Department of Computer Science & Engineering, Dalian University of Technology, Dalian 116024, China.
Talanta. 2010 Sep 15;82(4):1571-5. doi: 10.1016/j.talanta.2010.07.053. Epub 2010 Jul 30.
We applied the random forest method to discriminate among different kinds of cut tobacco. To overcome the influence of the descending resolution caused by column pollution and the subsequent deterioration of column efficacy at different testing times, we constructed combined peaks by summing the peaks over a specific elution time interval Deltat. On constructing tree classifiers, both the original peaks and the combined peaks were considered. A data set of 75 samples from three grades of the same tobacco brand was used to evaluate our method. Two parameters of the random forest were optimized using out-of-bag error, and the relationship between Deltat and classification rate was investigated.

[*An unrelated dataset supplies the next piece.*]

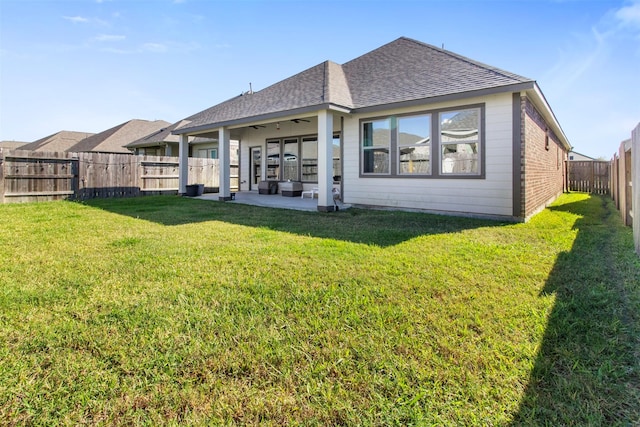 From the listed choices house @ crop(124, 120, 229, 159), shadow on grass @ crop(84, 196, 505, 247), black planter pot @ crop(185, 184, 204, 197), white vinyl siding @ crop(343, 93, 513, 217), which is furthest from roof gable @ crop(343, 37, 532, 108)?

Experiments show that partial least squares discriminant analysis was not suitable because of the overfitting, and the random forest with the combined features performed more accurately than Naïve Bayes, support vector machines, bootstrap aggregating and the random forest using only its original features.
我们应用随机森林方法来区分不同种类的烟丝。为了克服由于柱污染导致的分辨率下降以及在不同测试时间下柱效随后恶化的影响,我们通过对特定洗脱时间间隔 Deltat 进行求和来构建组合峰。在构建树分类器时,同时考虑了原始峰和组合峰。我们使用同一烟草品牌的三个等级的 75 个样本数据集来评估我们的方法。通过袋外误差优化了随机森林的两个参数,并研究了 Deltat 与分类率之间的关系。实验表明,由于过拟合,偏最小二乘判别分析不适用,而使用组合特征的随机森林比朴素贝叶斯、支持向量机、自举聚合和仅使用原始特征的随机森林更准确。